NIU students now have the opportunity to examine the actual handwritten works of 20th-century authors.

William Baker, a subject specialist in English, has obtained a major collection of manuscripts of 20th-century author James Hanley for students to view in the Founders Memorial Library.

Baker also acquired material by Graham Greene.

Baker was in Britain when he obtained the manuscripts because NIU’s faculty research program awarded him the opportunity to complete research on a descriptive bibliography of 19th-century novelist George Eliot.

While at the home of a friend, Baker came across the original manuscripts and spent several days reading them.

“It would be marvelous to give American students at NIU the opportunity to see and work with the raw materials. Not forms, not copies, but the real materials that the writer used,” Baker said.

Students may be familiar with the late British novelist Graham Greene who died this year, Baker said. Greene was responsible for the film “The Third Man,” short stories, plays and novels.

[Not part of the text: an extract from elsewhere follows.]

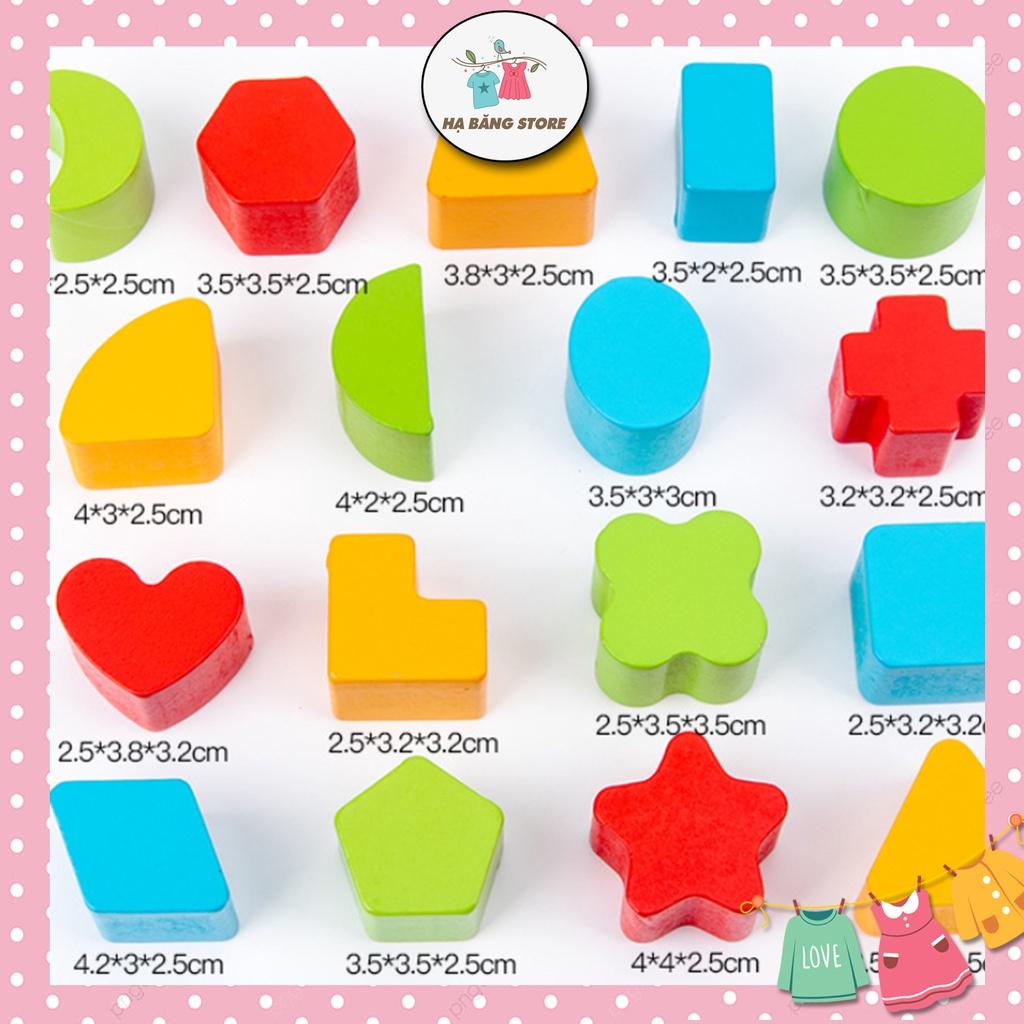 Đồ Chơi Giáo Dục Sớm | Xe Thả Gỗ Hình Học Đồ Chơi Cho Bé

He said Greene’s books of love poetry were privately printed in 1949 and 1951. Only two copies survived, each of these copies contained poems written in Greene’s handwriting. One with local interest concerned former Illinois Governor and U.S. presidential candidate Adlai Stevenson, Baker said.

“The prices of the poems were offered at well over $40,000. Many major prestigious American universities including NIU could not raise the money in time especially during a time of financial constraints,” Baker said.

However, Baker was able to provide the university with an uncorrected proven copy (before publication) of James Purdy’s “Dream Palace and Nine Stories” in which Greene began his own short stories on the pages.

“Students from all over the world will now have to come to NIU library to see this particularly unique Graham Greene item,” Baker said.

For instance, the manuscripts and papers of James Hanley including the “Welsh Sonata,” which contains lengthy personal handwritten letters from Hanley to personal friends.

Baker said his predecessors helped to create the library’s rare collection. “Over a twenty-year period the names that come to mind are Anthony Bliss, who’s now head of rare books in University of California-Berkeley. Also, Dr. William DuBois who is presently retired.